Walter sighed heavily and squirmed into a tighter ball. He was snoring in less than a minute.
Maybe it isn't even the same person, Chris thought, though the highlighter applied to McCarty's name in the cutting left little doubt that Elizabeth Page was confident she knew the man in question.
She reread the clipping. Was Page holding this over McCarty's head to get him to help with her plan to get the museum out of the division? She was reminded of what seemed like a testy exchange she'd witnessed from afar between the two of them early in fall semester. Does this have something to do with what they were arguing about?

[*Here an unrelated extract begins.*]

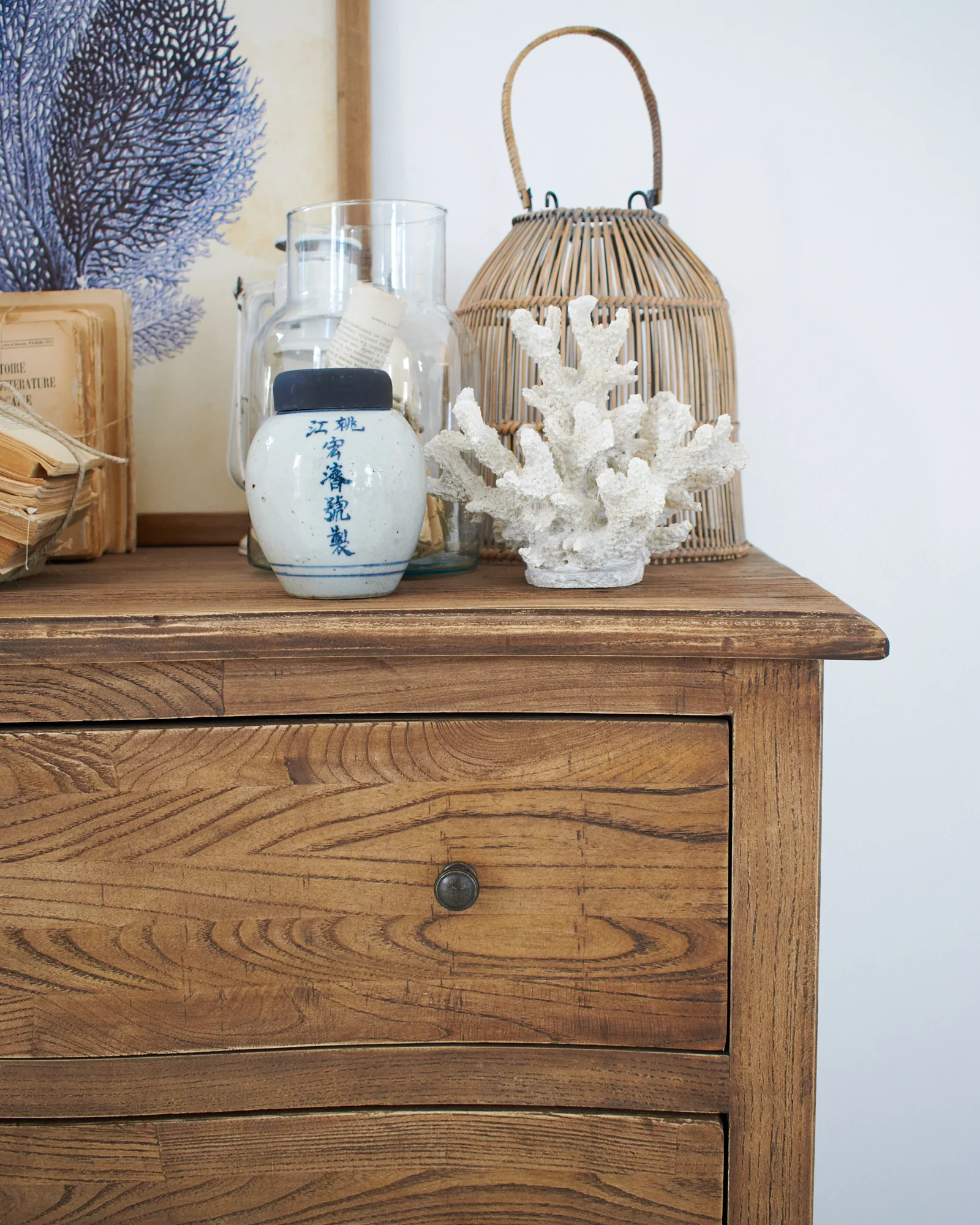 Immagine prodotto 9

Chris tried to return to perusing the clippings but she wasn't very attentive. Finally she paper clipped the piles to be kept and returned them to the folders, then went through the throw-away pile one last time to make she wasn't missing anything. She told herself she was looking for things of artistic importance, though in reality she was looking for more about the incident reported in the clipping now resting on her coffee table. In the end she found nothing more and went to bed knowing that on Monday she would have to look closely at Colin McCarty's file.